RECORDS FOR THE TASK:
**********

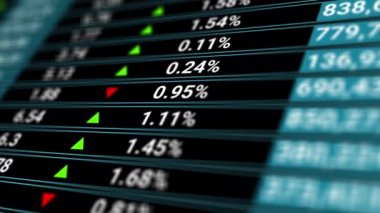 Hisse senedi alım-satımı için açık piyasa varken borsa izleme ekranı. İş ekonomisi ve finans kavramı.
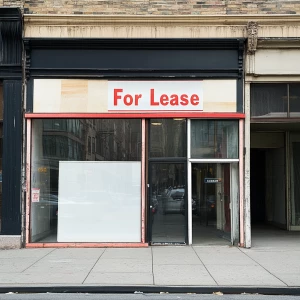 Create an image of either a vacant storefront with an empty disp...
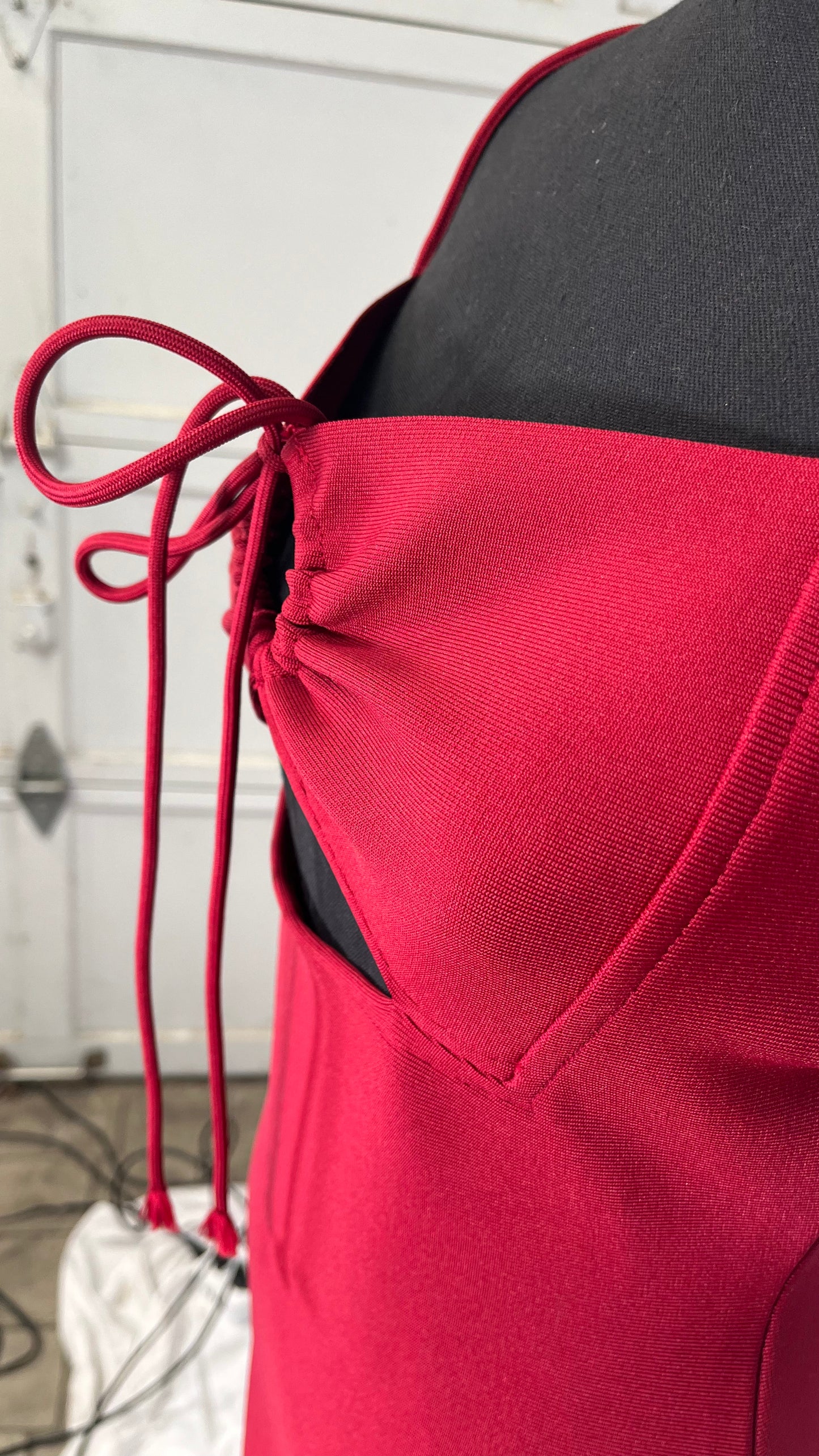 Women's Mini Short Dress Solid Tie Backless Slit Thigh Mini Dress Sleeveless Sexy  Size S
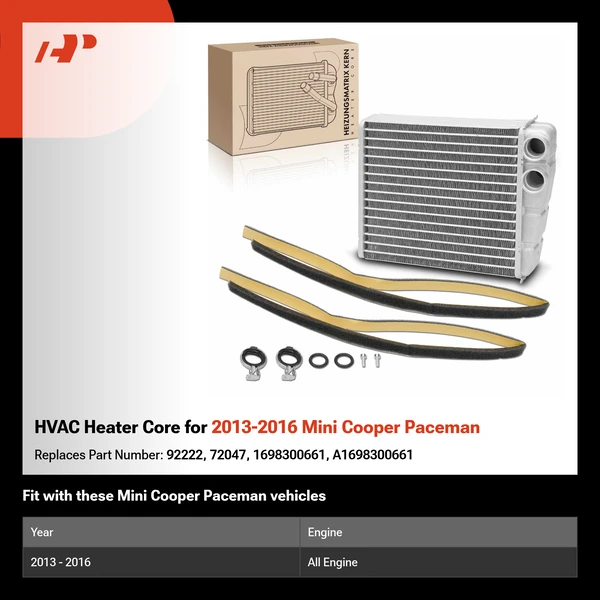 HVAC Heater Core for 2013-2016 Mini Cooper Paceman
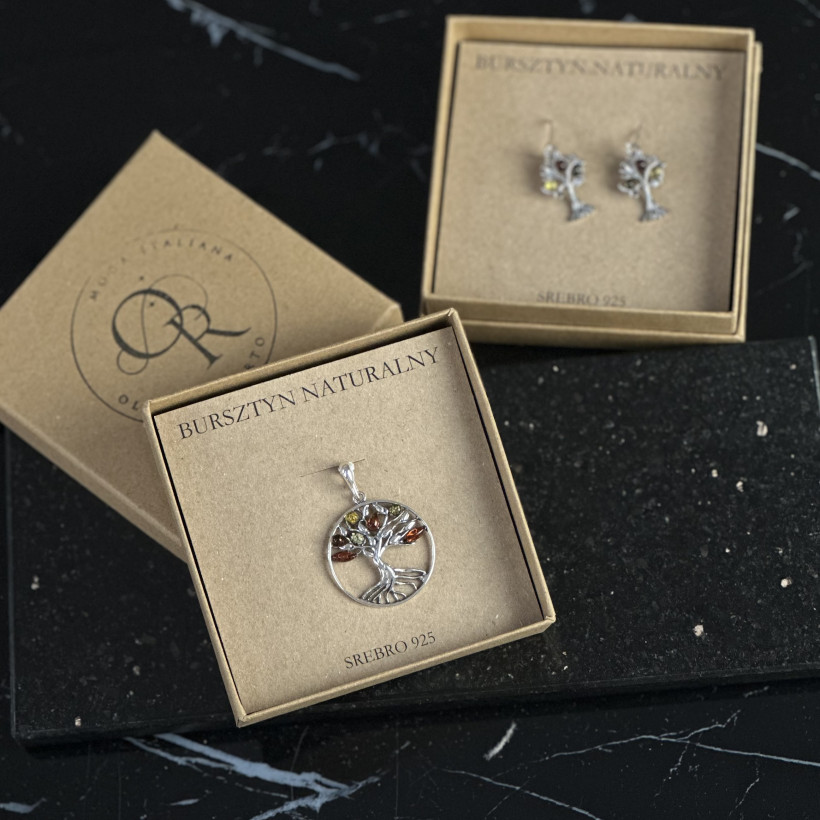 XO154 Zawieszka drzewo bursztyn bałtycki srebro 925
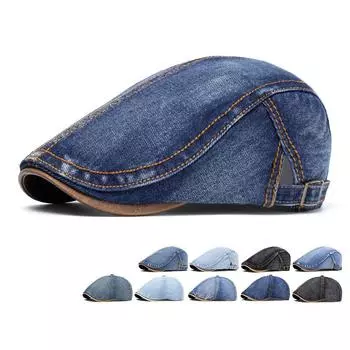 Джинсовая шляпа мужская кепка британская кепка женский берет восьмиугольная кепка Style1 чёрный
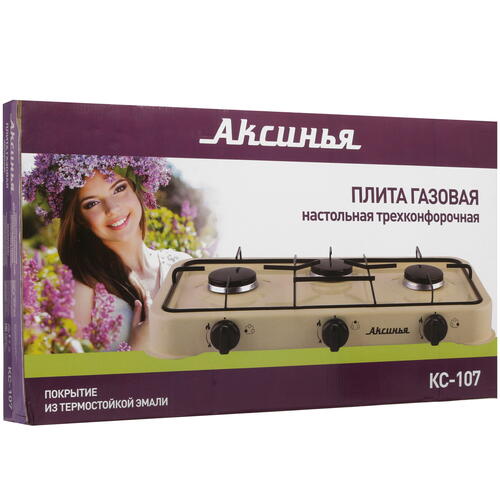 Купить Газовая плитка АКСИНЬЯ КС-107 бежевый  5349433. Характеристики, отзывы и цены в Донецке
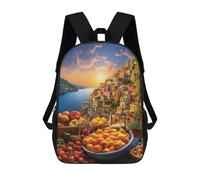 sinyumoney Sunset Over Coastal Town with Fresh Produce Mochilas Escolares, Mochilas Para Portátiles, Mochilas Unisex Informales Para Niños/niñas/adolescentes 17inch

**********

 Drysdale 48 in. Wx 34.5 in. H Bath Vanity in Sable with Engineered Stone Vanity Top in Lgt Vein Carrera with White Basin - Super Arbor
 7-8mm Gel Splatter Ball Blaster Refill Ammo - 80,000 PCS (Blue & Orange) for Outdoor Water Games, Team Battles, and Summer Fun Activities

**********

TASK TO COMPLETE: Take the entries above and copy exactly the lines starting at the one with "Hisse senedi alım-satımı" and ending at the one with "HVAC Heater Core"; nothing outside that span, and no pictures.

RESULT BELOW:
 Hisse senedi alım-satımı için açık piyasa varken borsa izleme ekranı. İş ekonomisi ve finans kavramı.
 Create an image of either a vacant storefront with an empty disp...
 Women's Mini Short Dress Solid Tie Backless Slit Thigh Mini Dress Sleeveless Sexy  Size S
 HVAC Heater Core for 2013-2016 Mini Cooper Paceman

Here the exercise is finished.